Kurt Graham. Courtesy Mika Meyers
A federal judge has blocked the long-anticipated mandatory overtime pay rule that was set to take effect Dec. 1, making thousands of local workers and millions nationwide eligible for time-and-a-half pay for hours worked past 40.
U.S. District Judge Amos Mazzant in the Eastern District of Texas ruled to grant a preliminary injunction against the rule in response to the objections of 21 states and the District of Columbia that it was unlawful.
The rule was set to raise the threshold at which executive, administrative and professional employees are exempt from overtime to $47,476 from $23,660.
According to Reuters, the judge ruled that the federal law governing overtime does not give the U.S. Department of Labor the authority to raise the salary threshold to determine exempt status.
Kurt Graham, an employment attorney with Mika Meyers in Grand Rapids, said the court ruled that the current statute regarding the salary threshold is “clear and unambiguous.”
“The court said the Department of Labor tried to clarify a rule that it had no business to clarify,” he said. “The long and short of it is the rule improperly created the salary test for determining who was exempt, and (it said) they didn’t have any business creating that high of a threshold.”
Graham said the injunction, which was issued to prevent implementation of the rule until the matter can proceed to court for a final decision, is a nationwide stay even though the suit was brought in Texas.
“Essentially, it’s an injunction to say that the case still has to proceed,” Graham said. “It’s the court saying we can’t enforce the rule right now because we think the case has merit and (the rule) likely will be overturned.”
Graham said he expects any appeal in favor of the rule, which “99 percent” of the attorneys he knows believed would pass, now will “die a slow death,” as the Republican-controlled Congress and Republican President-elect Donald Trump all have been in vocal opposition to the change.
Judge Mazzant, Graham said, was appointed by President Obama and many people expected he would decide in favor of the overtime rule or at least be “sympathetic” to it.
“The judge just said, this threshold that you picked out here, you didn’t have the authority to set it so high,” Graham said.

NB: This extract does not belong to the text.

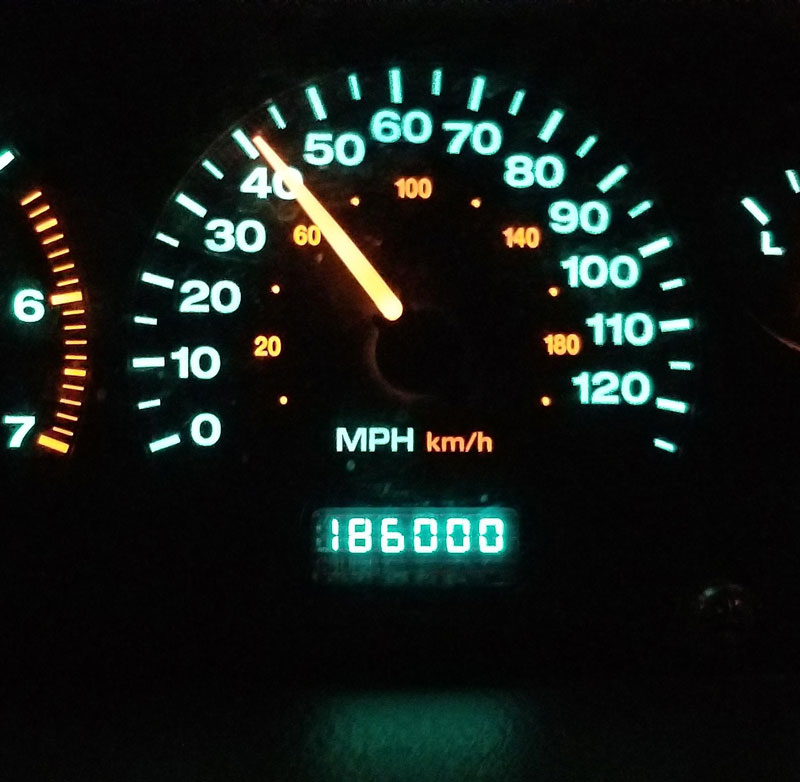 It only took 14 years for my jeep to travel the distance that light travels in one second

He noted the judge didn’t even need to address the “automatic mechanism” that would update the salary and compensation levels every three years, to which many of the 21 states had objected.
Graham said the Department of Labor is “considering all its options” about whether to appeal the ruling, but either way the case likely will carry over into next year.
“I don’t see it being resolved anytime soon,” Graham said. “I think it’s probably going to take at least a few months.”